The BCAAs are a group of three amino acids, leucine, isoleucine and valine. They are “essential” amino acids meaning the body cannot produce it on its own so must be obtained from food. Amino acids are the building blocks of protein. When we eat protein, our body through the digestive process breaks down protein into smaller molecules known as amino acids. This enables the body to absorb these nutrients in their smaller state into the blood stream for thousands of uses within the body.
The name “branched chain amino acids” is derived from the structure of these compounds. Each one has a forged outcropping that looks a bit like a branch, hence the name.
It improves exercise performance and prevents your body breaking down muscle tissue to use for energy.
During intense training the BCAA’s serve as a major source of fuel for the body as exercise burns amino acids rapidly. When your internal BCAA empties, the body begins to break down precious muscle tissue. In this situation BCAA supplementation may become important for the maintenance of muscle tissue and prevention of muscle breakdown.
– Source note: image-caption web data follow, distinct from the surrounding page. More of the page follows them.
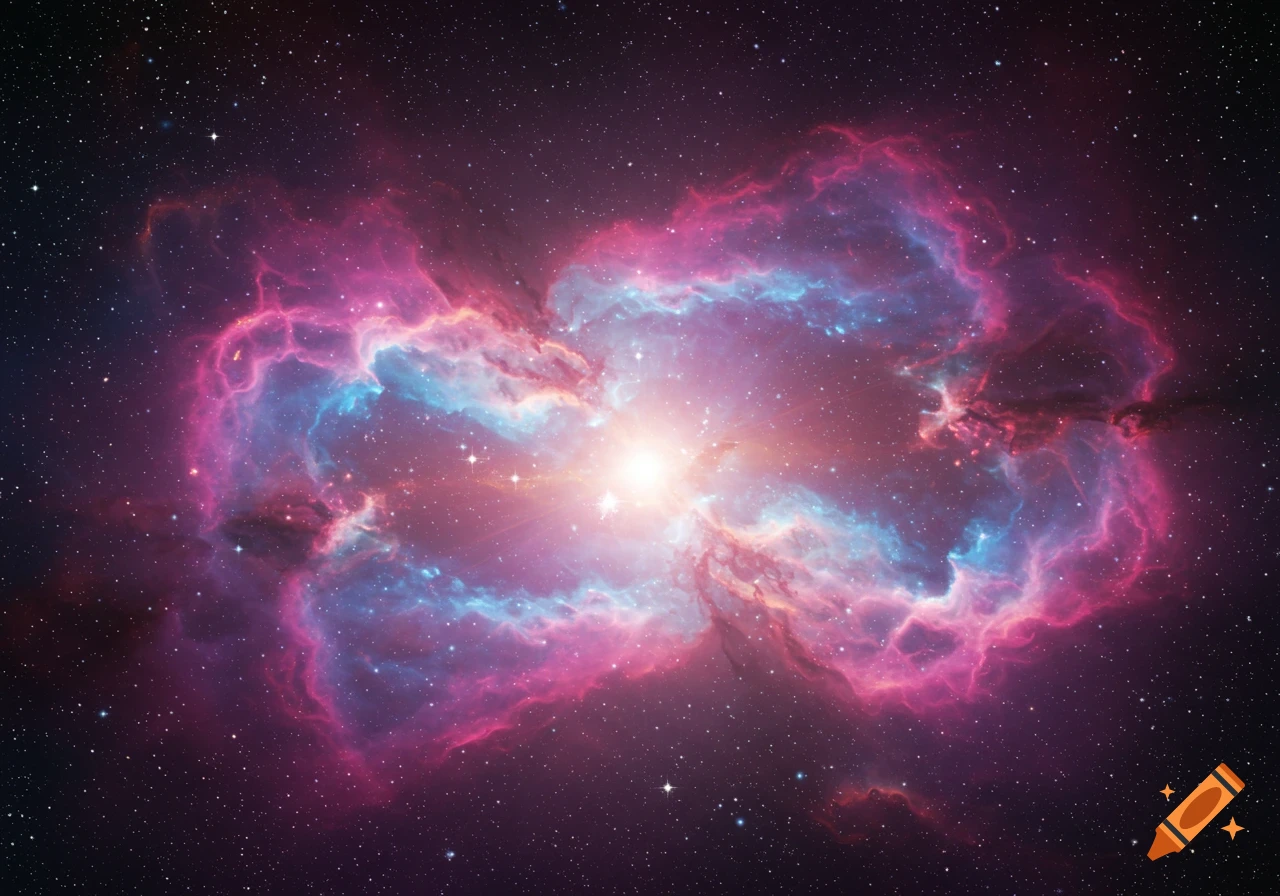 A vibrant nebula in deep space, featuring clouds of pink, purple, and blue gases illuminated by a bright central star, against a dark sky filled with tiny stars.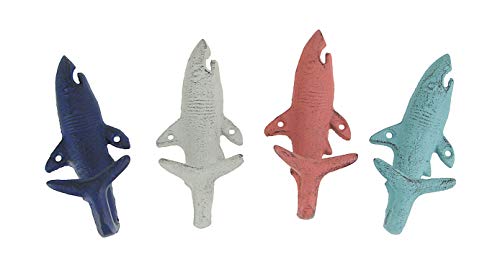 Set of 4 Cast Iron Coastal Shark Tail Wall Hooks Decorative Nautical Beach Bathroom Towel Or Coat Hanging Decor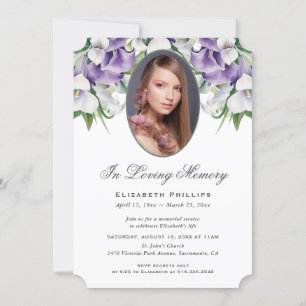 White Lila Calla Lily Photo Funeral Memorial Inbjudningar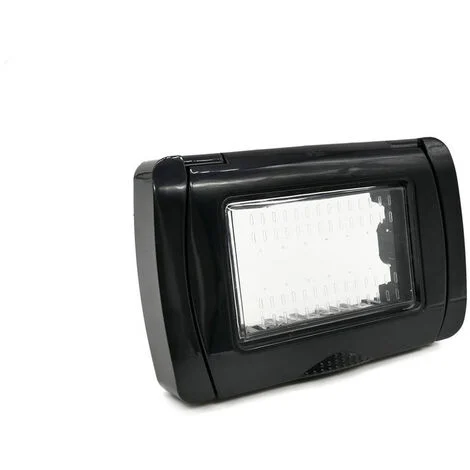 Placca idrobox 3 posti compatibile con vimar plana IP55 coperchio modulo cassetta 503 nera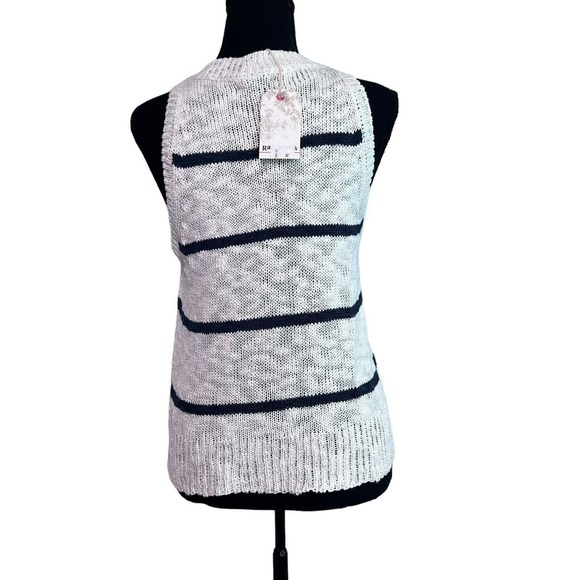 Rag Poets‎ Bryce Striped Sweater Tank Size Medium Navy White Style #RW191664 NWT - Picture 2 of 8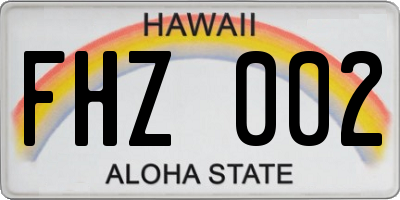 HI license plate FHZ002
For best results, you need to eat foods with high BCAA content. These will naturally be in foods such as red meat, cashews, almonds, eggs, fish, chicken, chickpeas, lentils, and liver. If you are shy about supplementing with BCAAs, this is a great place to start.
A balanced diet with adequate protein provides enough BCAAs. Though BCAAs supplementation is not necessary for the average fitness enthusiast, it has some potential benefit during intense fasted training and period of low calorie intake. Taking supplemental BCAAs might not do anything except get burned for energy if the total protein in your diet is already sufficient.